We have a service that hangs, but appears to still be running. By monitoring a log file, we can detect when the service loses connection to a PBX. What we need to do is to execute several commands (Batch file) that does the following:
REM When a disconnect occurs, the server may be unable to reconnect for 2 or 3 minutes.
REM Set a delay of 3 minutes before restarting the hung services.
Timeout /t 180 /NOBREAK
REM Stop the Windows Service that lost connectivity.
net stop "<ServiceName>"
REM Wait 30 seconds to allow the service to terminate.
Timeout /t 30 /NOBREAK
REM Kill any remaining instances of the service tasks still in memory.
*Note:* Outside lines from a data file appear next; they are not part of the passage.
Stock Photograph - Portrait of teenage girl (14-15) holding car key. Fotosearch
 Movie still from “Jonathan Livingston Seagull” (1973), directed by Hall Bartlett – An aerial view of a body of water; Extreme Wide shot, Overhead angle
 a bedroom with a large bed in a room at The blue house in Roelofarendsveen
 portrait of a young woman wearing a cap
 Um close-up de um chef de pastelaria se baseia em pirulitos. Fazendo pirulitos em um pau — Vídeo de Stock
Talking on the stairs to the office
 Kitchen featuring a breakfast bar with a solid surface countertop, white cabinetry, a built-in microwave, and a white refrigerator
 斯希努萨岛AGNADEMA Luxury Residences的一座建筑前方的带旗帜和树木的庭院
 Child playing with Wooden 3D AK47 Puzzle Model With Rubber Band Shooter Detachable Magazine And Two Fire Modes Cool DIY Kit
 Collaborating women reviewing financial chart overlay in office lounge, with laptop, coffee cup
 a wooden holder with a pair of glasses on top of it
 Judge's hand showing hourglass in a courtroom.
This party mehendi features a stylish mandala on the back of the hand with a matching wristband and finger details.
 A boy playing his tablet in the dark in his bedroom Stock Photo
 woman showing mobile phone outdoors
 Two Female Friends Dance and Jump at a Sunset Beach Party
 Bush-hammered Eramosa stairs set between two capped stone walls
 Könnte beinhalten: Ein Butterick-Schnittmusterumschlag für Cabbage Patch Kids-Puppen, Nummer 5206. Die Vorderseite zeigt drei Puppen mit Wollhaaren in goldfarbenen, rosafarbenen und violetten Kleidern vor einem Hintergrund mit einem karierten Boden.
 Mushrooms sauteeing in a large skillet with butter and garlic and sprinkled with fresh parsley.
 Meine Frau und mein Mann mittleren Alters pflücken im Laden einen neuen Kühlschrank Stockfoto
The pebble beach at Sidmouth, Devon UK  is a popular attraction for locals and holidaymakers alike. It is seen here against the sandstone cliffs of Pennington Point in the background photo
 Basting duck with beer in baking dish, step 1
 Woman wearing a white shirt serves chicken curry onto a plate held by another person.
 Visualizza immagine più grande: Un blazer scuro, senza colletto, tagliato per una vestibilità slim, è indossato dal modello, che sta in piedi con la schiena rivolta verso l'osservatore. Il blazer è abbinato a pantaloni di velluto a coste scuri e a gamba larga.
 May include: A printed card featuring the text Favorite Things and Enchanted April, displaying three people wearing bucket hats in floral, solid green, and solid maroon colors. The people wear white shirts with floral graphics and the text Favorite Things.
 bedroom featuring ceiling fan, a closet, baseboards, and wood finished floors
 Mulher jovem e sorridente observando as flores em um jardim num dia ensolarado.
REM This will terminate all running tasks with the name of <ServiceName.exe>
REM The /F flag is for Forcing the tasks to terminate.
TaskKill /IM <ServiceName.exe> /F
REM Wait 10 seconds to allow the tasks to terminate.
Timeout /t 10 /NOBREAK
REM Start the service.
Net Start "<ServiceName>"
What we need is a way to execute the equivalent of these steps from SolarWinds, on the impacted Node. We have set up a monitor that watches for new instances of the lost connection string in the application log file. The next step is sending emails alerts to the app admin team, and automatically restart the hung service.
I believe SAM service restart may be part of this. But I am not sure how to use it if SAM doesn't detect the service has failed. If someone would point me to an article or tutorial for setting this up, I would appreciate it.
Thanks,